Caro Babbo Natale, noi boomer siamo pieni di appunti sui desideri dei nostri figli, grandi o piccoli che siano.
Siamo in ansia per il regalo alla moglie, abbiamo il senso di colpa per i genitori anziani – i fortunati che li hanno ancora – di cui non ci occupiamo mai abbastanza, e allora proviamo a vedere cosa ci piacerebbe trovare sotto l’albero domani mattina.
Facendo finta che tu esista davvero.
Non cose. Ma emozioni.
Il senso di meraviglia e di ottimismo che abbiamo perduto tra gli anni 70 e gli 80. La voglia di divertirsi in modo spontaneo e non, come accade di continuo, quel far finta talmente scontato ed accettato da diventare un’abitudine. Una vita privata più ricca di sorprese e di emozioni, una vita pubblica che possa farci vedere un futuro possibile e migliore del presente.
E per la nostra città vorremmo provare la meraviglia di un nuovo corso che sappia far sognare, uno scatto verso l’alto che ci permetta di uscire dalla sindrome del galleggiamento che ha contagiato tutti e a cui tutti sembra si siano rassegnati.
Dove sono finite le lotte del passato per mettere un pezzo di futuro nell’agenda della città?
Siamo inondati di comunicati stampa e video che fanno il verso agli influencer ma che non parlano nè di sogno nè di progetti.

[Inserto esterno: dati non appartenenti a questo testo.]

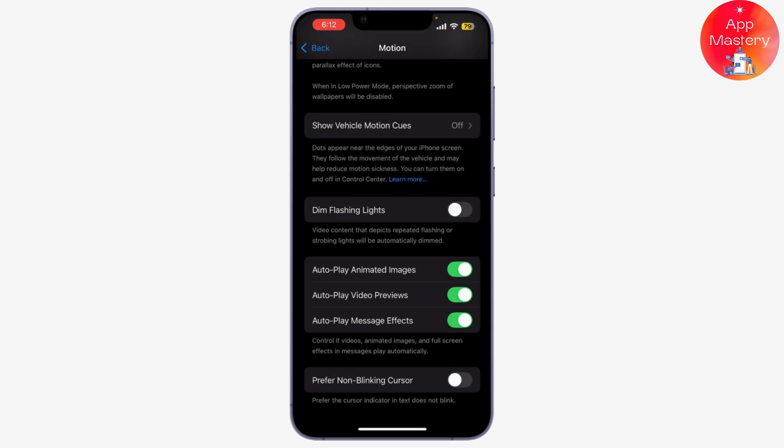And autoplay video effects options. This setting controls whether your iPhone automatically shows reaction effects during FaceTime calls. If you want to disable FaceTime reactions, just toggle these off. This will stop your device from showing automatic reactions like confetti and fireworks.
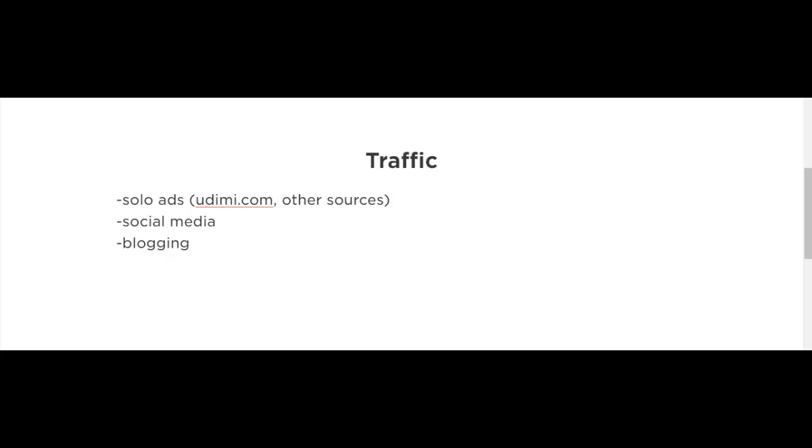Set up a blog and blog daily, every couple of days, or even just on a weekly basis. Eventually, you'll have a following and you could build a list through blogging. You could have links that link to your affiliate funnel.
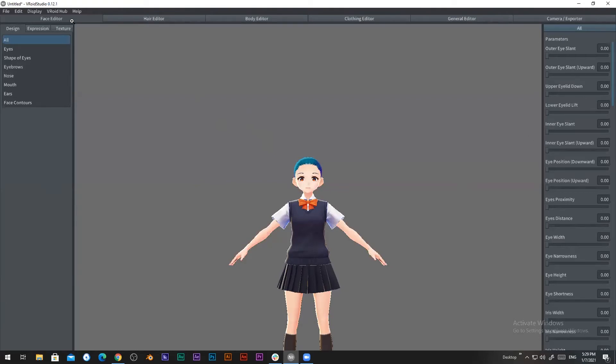In the face editor we can edit the face. From here we can draw hair and color it, and then we can manage hairstyle and all.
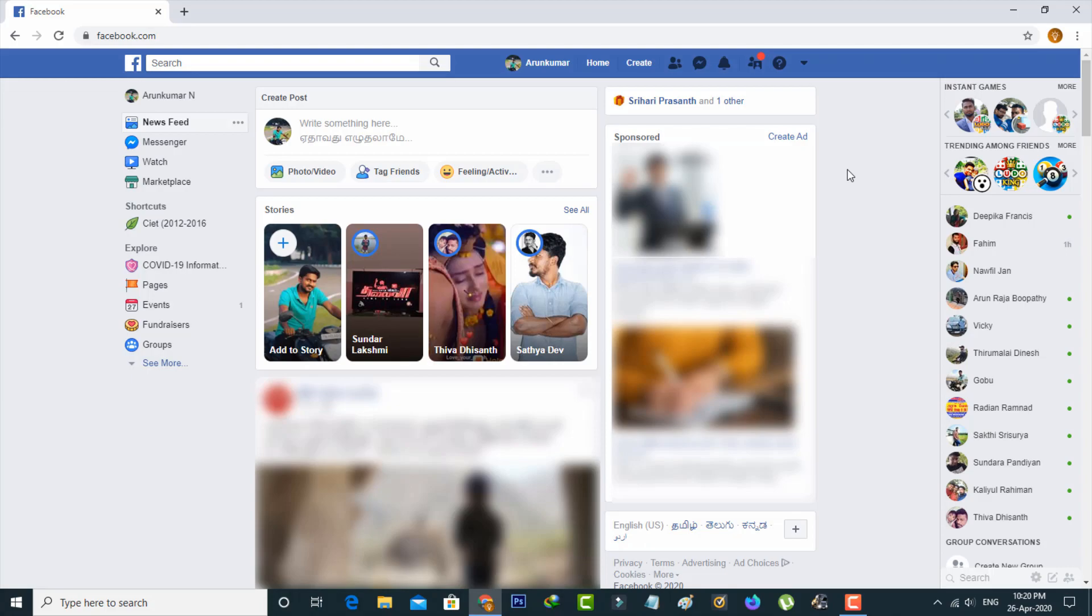But nowadays this update is only available for the new version of Facebook. Here I'm using the classic version, so I'll show you how to switch to the new version.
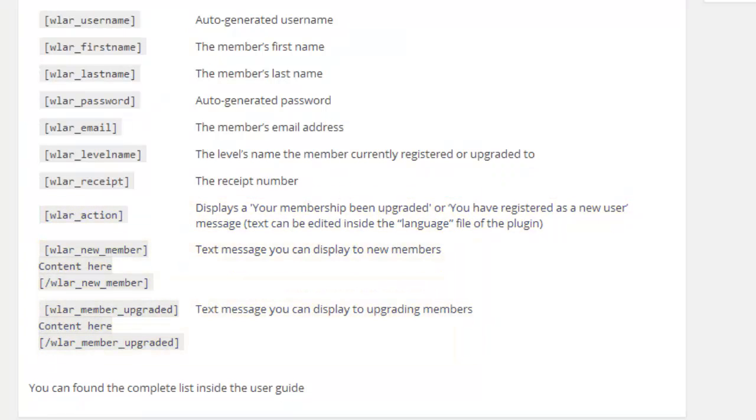To allow these details to appear, all you need to do is copy and paste your shortcodes into the Thank You page.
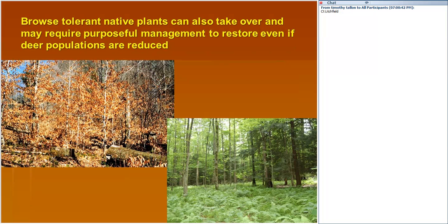Native species can also cause problems with forest regeneration. You can end up with dog-hair thick stands from American beech sprouting, or hay-scented fern dominating the ground layer when light conditions are right and deer herbivory reduces competition. If either of these conditions occur, it's going to be extremely difficult to regenerate desirable hardwood species, and land managers will need purposeful management to reduce competition from even native vegetation.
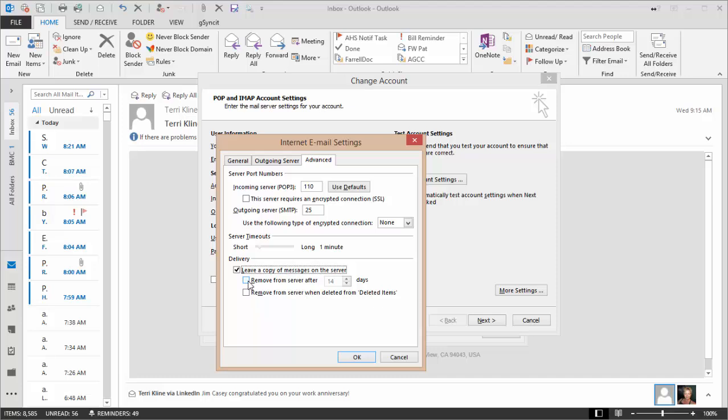Then select Remove from server after 14 days. If you'd like to leave your email on the server for more or less than 14 days, you can change this option. 14 days is the default and you can leave the default as is.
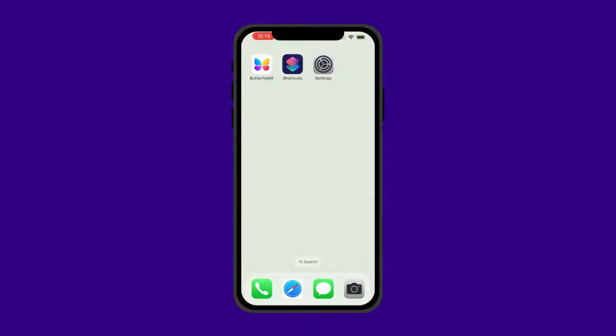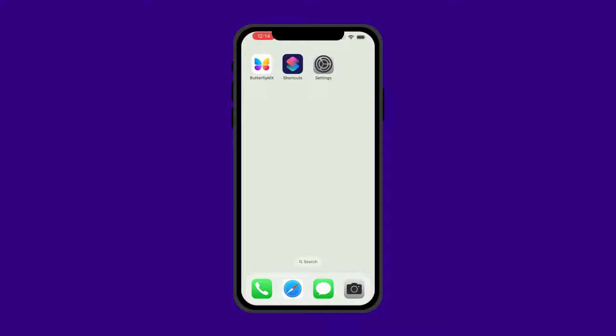Hi, I'm Lauren with ButterflyMX. Today, I'm going to show you how to open your ButterflyMX-enabled doors by simply tapping on the back of your iPhone without having to open the ButterflyMX app.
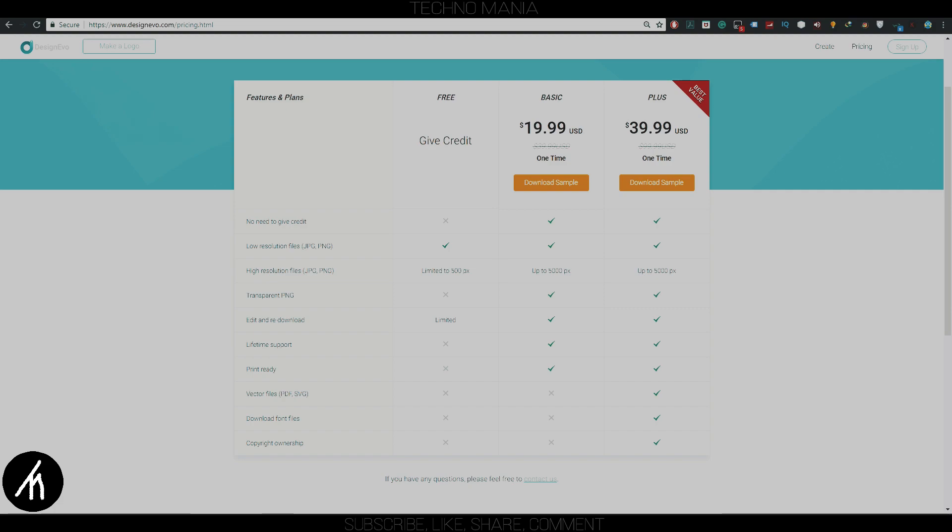Now you are given three choices: whether you want to download the logo for free or either you want a basic or premium plan. The difference between these three you can see for yourself. I will pause the video for five seconds here.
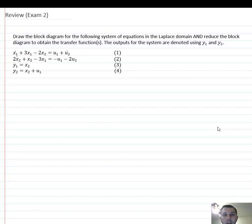Hi everyone, and welcome back to System Dynamics. In this lecture, I will give you a review before exam two.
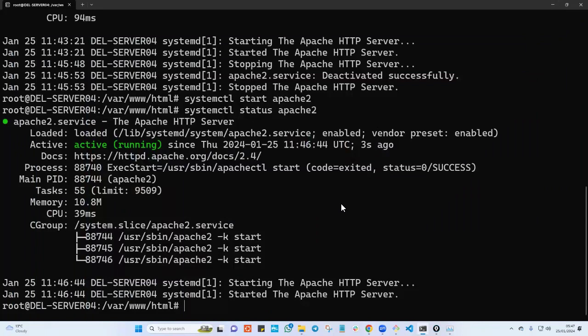That's it for this video. If you liked it, please let me know in the comments. This was a short video to show you how to use systemctl and the service command, and the difference between them. If you want me to deep dive into the web server side of things — how it works, how to troubleshoot it — let me know in the comments and I'll create another video. Thank you, bye!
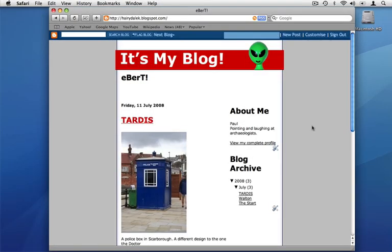Welcome to Freeway Moments. In this moment we're going to be having a look at making a simple blogger template using the new blogger template actions which you'll find with Freeway 5. We'll be using Freeway Pro for this moment, but Freeway Express users can use the blogger templates as well. So let's get started.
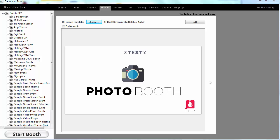Darkroom Booth 2.0 includes a new feature that allows you to play videos at different times during your booth operation. I'll show you an example here.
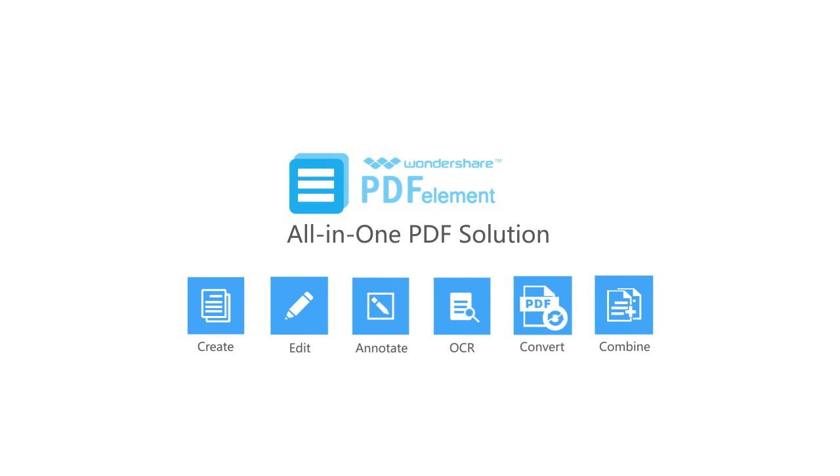Wondershare PDF Element is your all-in-one PDF solution that allows you to create, edit, convert, annotate and combine PDF files.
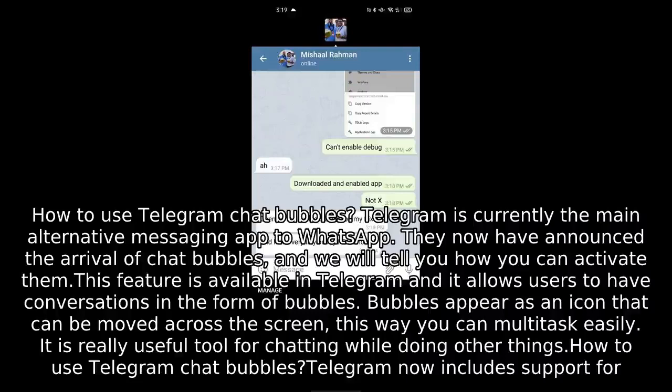How to use Telegram chat bubbles. Telegram is currently the main alternative messaging app to WhatsApp. They have announced the arrival of chat bubbles, and we will tell you how you can activate them. This feature allows users to have conversations in the form of bubbles, which appear as an icon that can be moved across the screen, so you can multitask easily.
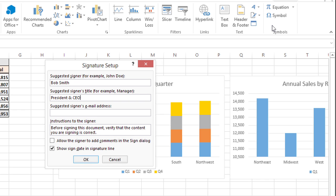And if I wanted to I could even add the email address here. I can also add instructions to the signer. I'll just go with the default here.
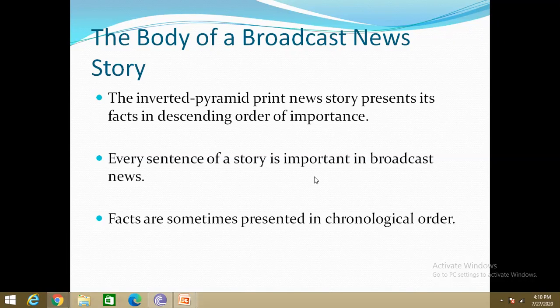We are going to see the body of a broadcast news story. You will be familiar with the print news story structure — that is the inverted pyramid structure. Let me give you a few advantages of that inverted pyramid structure.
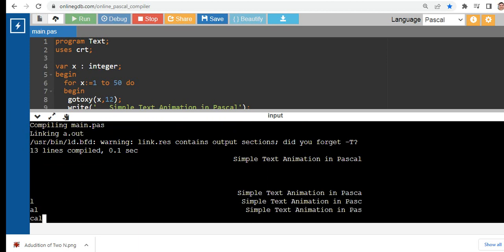So this is the end of our tutorial video on simple text animation in Pascal programming language. I hope you have learned something new in this tutorial. Thank you so much for watching.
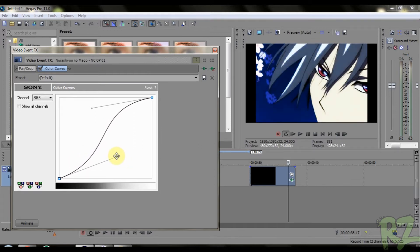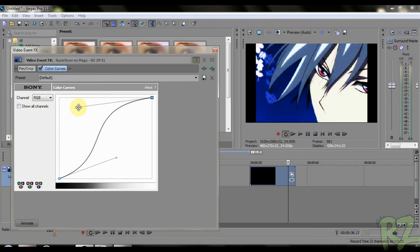You just play with the colors from here until you get the result you want.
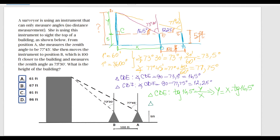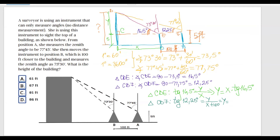Next, in triangle CDF, we apply the same tangent function for the angle 12.25 degrees. It equals the opposite, Y, divided by the adjacent, which is X plus 100 feet. From this equation, Y equals X plus 100, multiplied by tangent of 12.25 degrees.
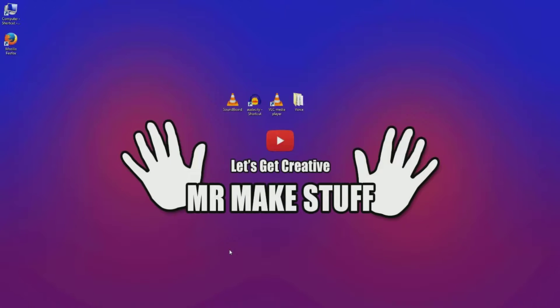Hello and welcome to Mr. Make Stuff. Here is a quick video to show you how to make a signboard using VLC media player.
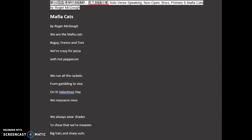The first recording will just be with simple pronunciation and enunciation. Here is an example. Mafia Cats by Roger McGough. We are the Mafia Cats, Bugsy, Franco and Tony.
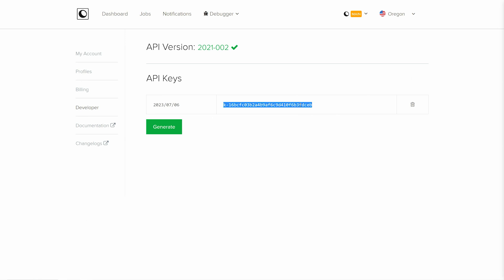Do not share this key with anyone as it directly integrates with your coconut.co account.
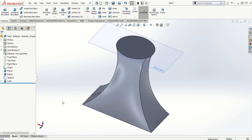Thank you for watching this short tutorial on lofted boss/base and lofted cut. In the next video lesson, we will go over the swept boss/base and swept cut features in SOLIDWORKS, where we will look at how to create pipes and springs.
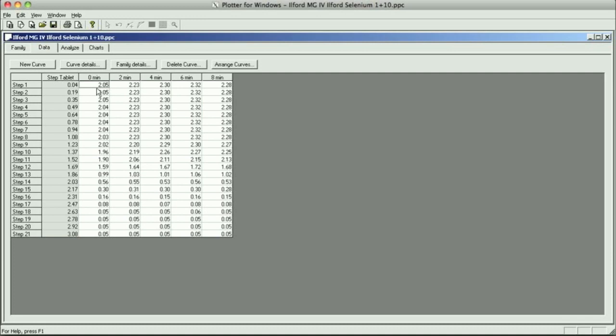We're just doing it for like a grade 2 filter, and again, the 0 is going to go on the dryer, and then we're going to tone 1 print for 2 minutes, put it in the wash, tone the 2nd print for 4 minutes, the 3rd for 6 minutes, and the 4th for 8 minutes, and all these are going to be in the wash.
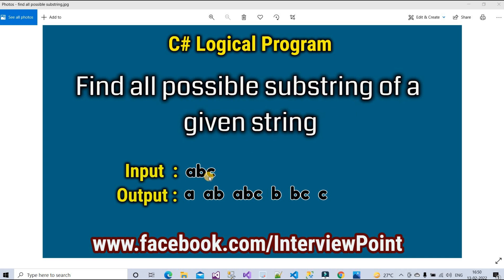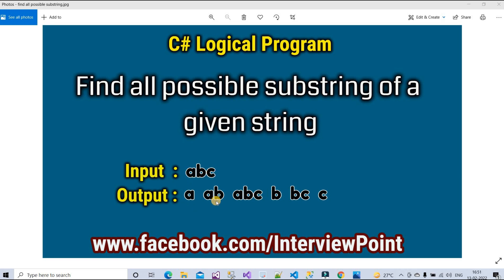Suppose we have a string ABC. The possible substrings of ABC are: A, AB, ABC — the first character, first two characters, and all three characters. Then B, BC, and C. So all possible substrings of ABC are A, AB, ABC, B, BC, and C. I hope you understand how to find the substrings of a given string.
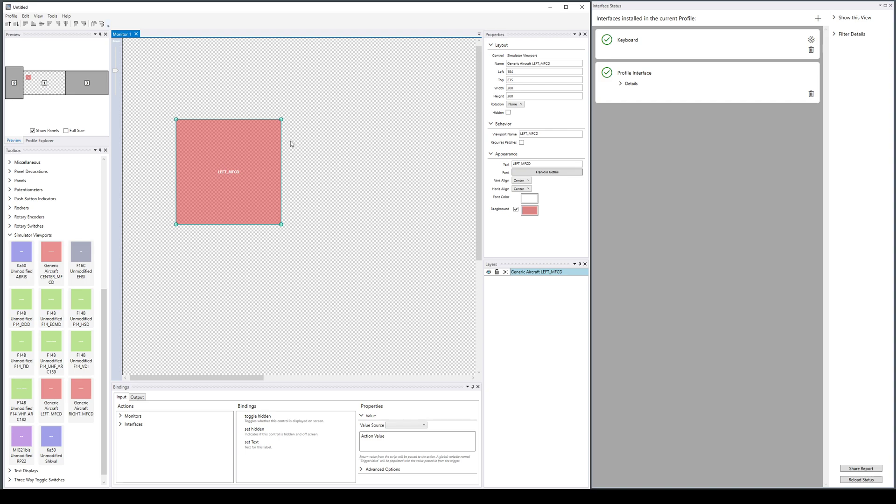But the point is they're there, so you might have a profile that doesn't require patches and can just use these pre-built things.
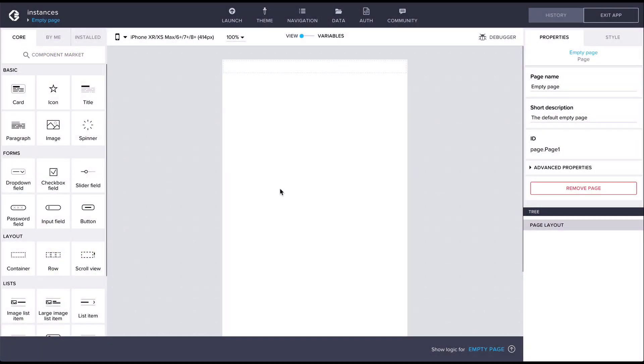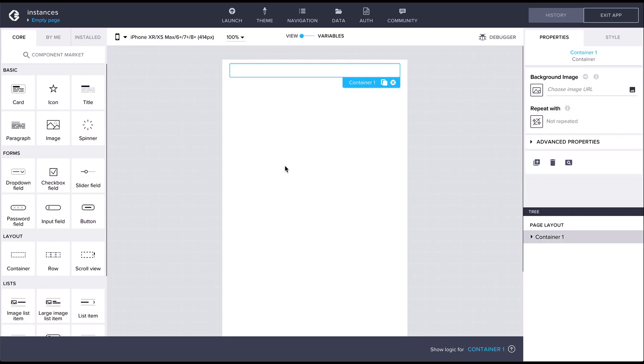In Composer, there are a few things to know about composite component instances, templates, and versioning. The first thing is that in Composer, you're always editing a single instance of a component. Let's use a really simple example. Let's just have a container with a paragraph inside.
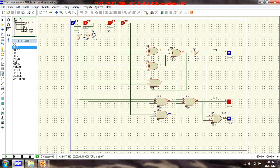Now input A is 0,1 and input B is 1,1, so input A is less than input B. The 'less than' output goes high, as you can see. Let's change input A to 1,0.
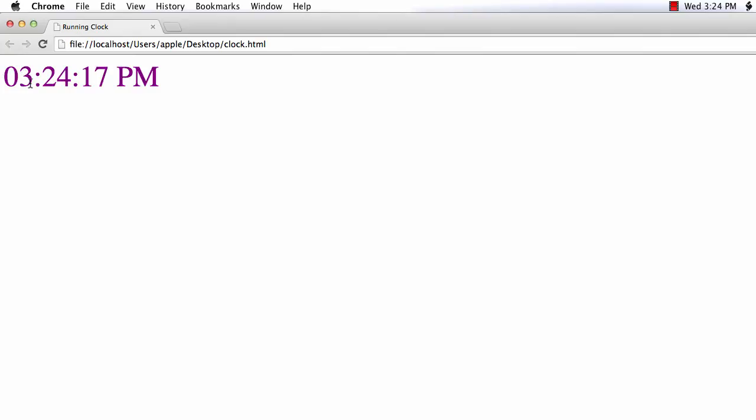See, now it is clearly visible. You are able to see zero as this value is less than 10. And we are getting a beautiful running clock. Thank you.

Inseguono disperatamente un consenso sempre più fluido e la domanda che arriva dai social è diventata più importante dell’offerta di futuro che la politica non riesce più a generare, avendo già abdicato alla logica dei like.
Solo un’eterna ripetizione dell’ordinario.
Un po’ di straordinario ci farebbe ritrovare un senso e magari scalderebbe il cuore.
Sia nostro che dei nostri ragazzi che, l’emozione del dividersi sul sogno di una città migliore, non l’hanno mai vissuta.